Terry Todd asked,
| Is there a way to use procmail or any other commands piped together
| to context grep through a large mail file coming from stdin? I have
| used split to chop them up but it would be so much nicer if I could
| just grep out the entire message based on "^From: blah(_at_)blah" or
| "^Subject: blah blah" that I wanted to keep and throw the rest away.
Absolutely. If the input contains one message,
procmail < input
If it contains two or more messages,
formail -s procmail < input
or, if there is not always a blank line between the end of one message and
the start of the next,
formail -es procmail < input
If you need to use a different rcfile from ~/.procmailrc, name it on the
command line [formail -es procmail .specialrcfile < input, for example].

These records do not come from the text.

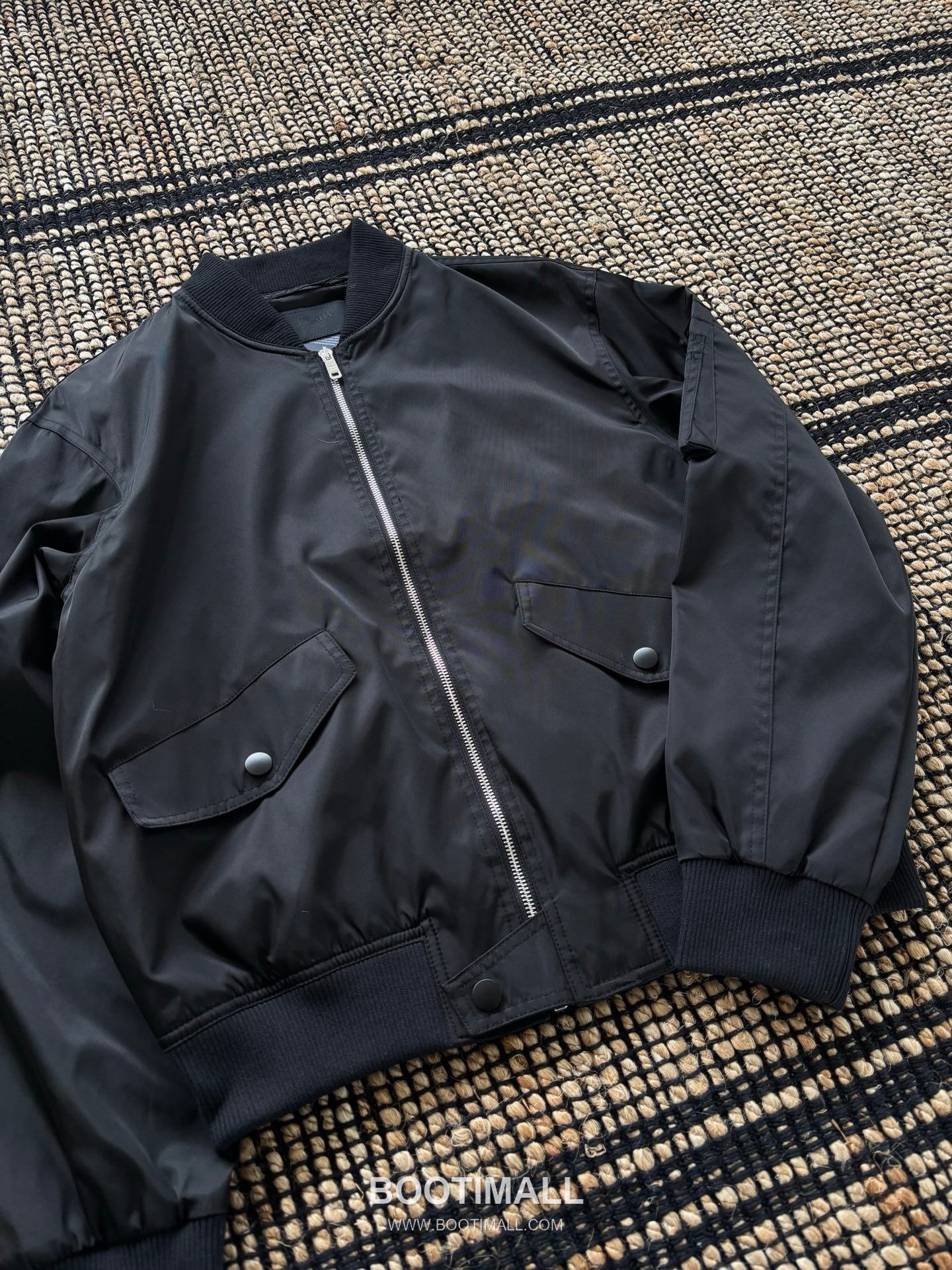 Prada SS25 Nylon Bomber Jacket with Drop Shoulder Design 프라다 SS25 나일론 봄버 재킷 드롭숄더 디자인 3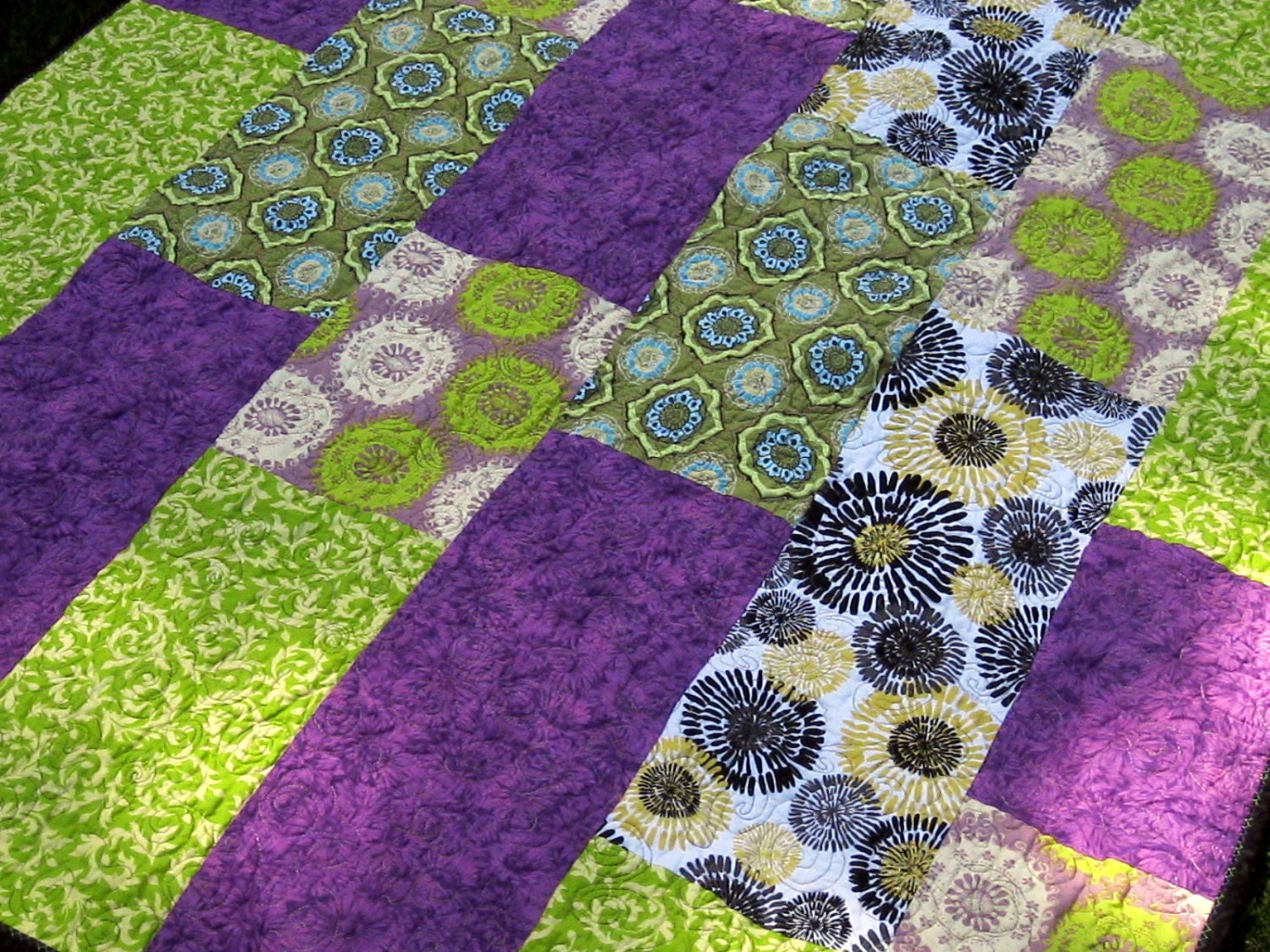 lap-quilt-lime-purple-green-spirals-quilted-blanket-quilt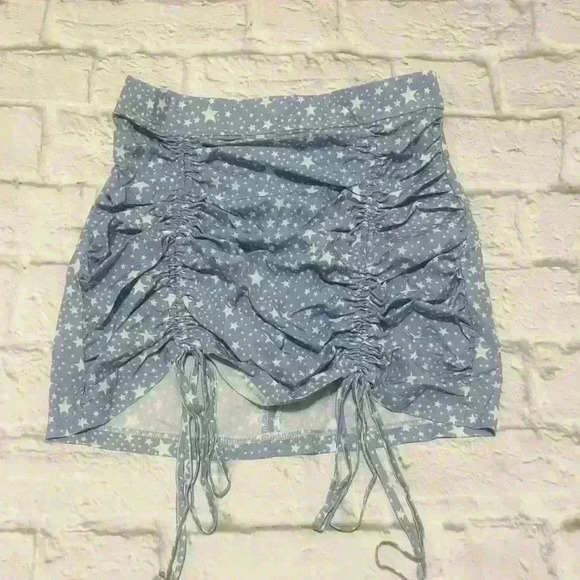 SHEIN Dresses & Skirts - Shein star skirt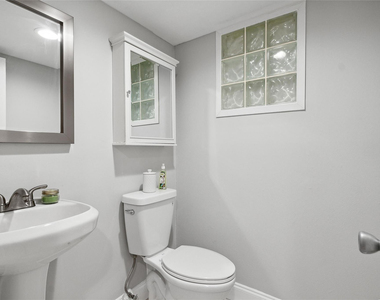 485 N Pine Island Road - Photo Thumbnail 7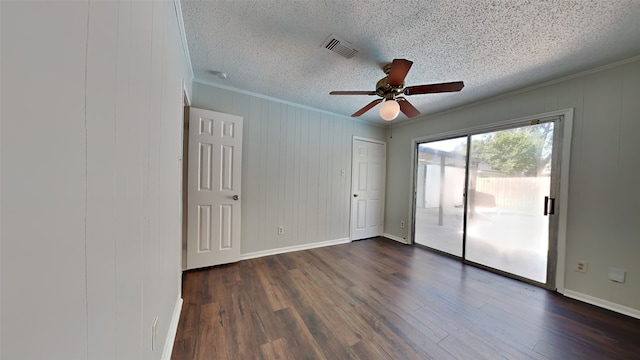 unfurnished room with ceiling fan, dark hardwood / wood-style floors, and a textured ceiling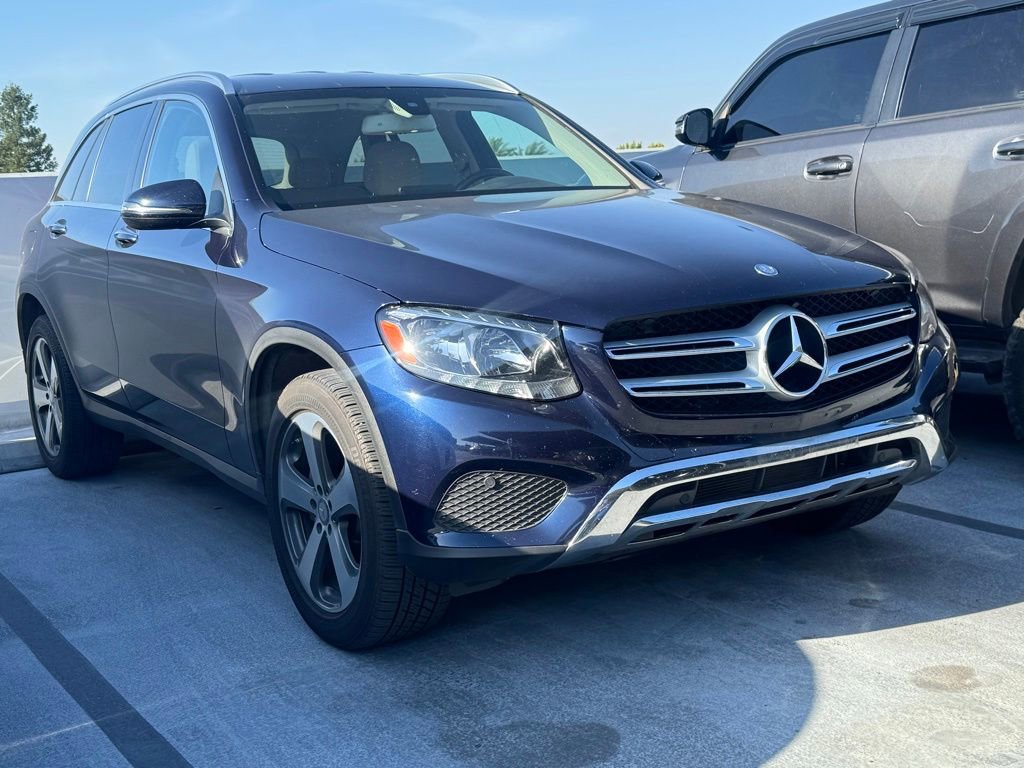 Used 2016 Mercedes-Benz GLC 300 4MATIC image 1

The major caution is that the rcfile should not tell procmail to append to
that same input (nor should that input be $DEFAULT or $ORGMAIL); otherwise
procmail will keep finding new messages at the end and never stop. To
prevent that, do one of these:
1. mv the input file to a name that the rcfile doesn't use (and also is not
$DEFAULT or $ORGMAIL);
2. find the number of messages in the input file first and use that as a
numeric argument to formail (say there are 32 messages; then make it
formail -32es procmail < input); two ways to find that out are
a. grep -c '^From ' input
b. FILENO=1 formail -es printenv FILENO < input | tail -1
(The latter looks messier but it won't be fooled by a body line beginning
with "From " that is protected by a Content-Length: header instead of being
escaped with a greater-than sign.) Then formail will stop after that many
messages; or
3. include some loop detection, such as an X-Loop: header or an ID cache, and
throw out any message that is going back for seconds.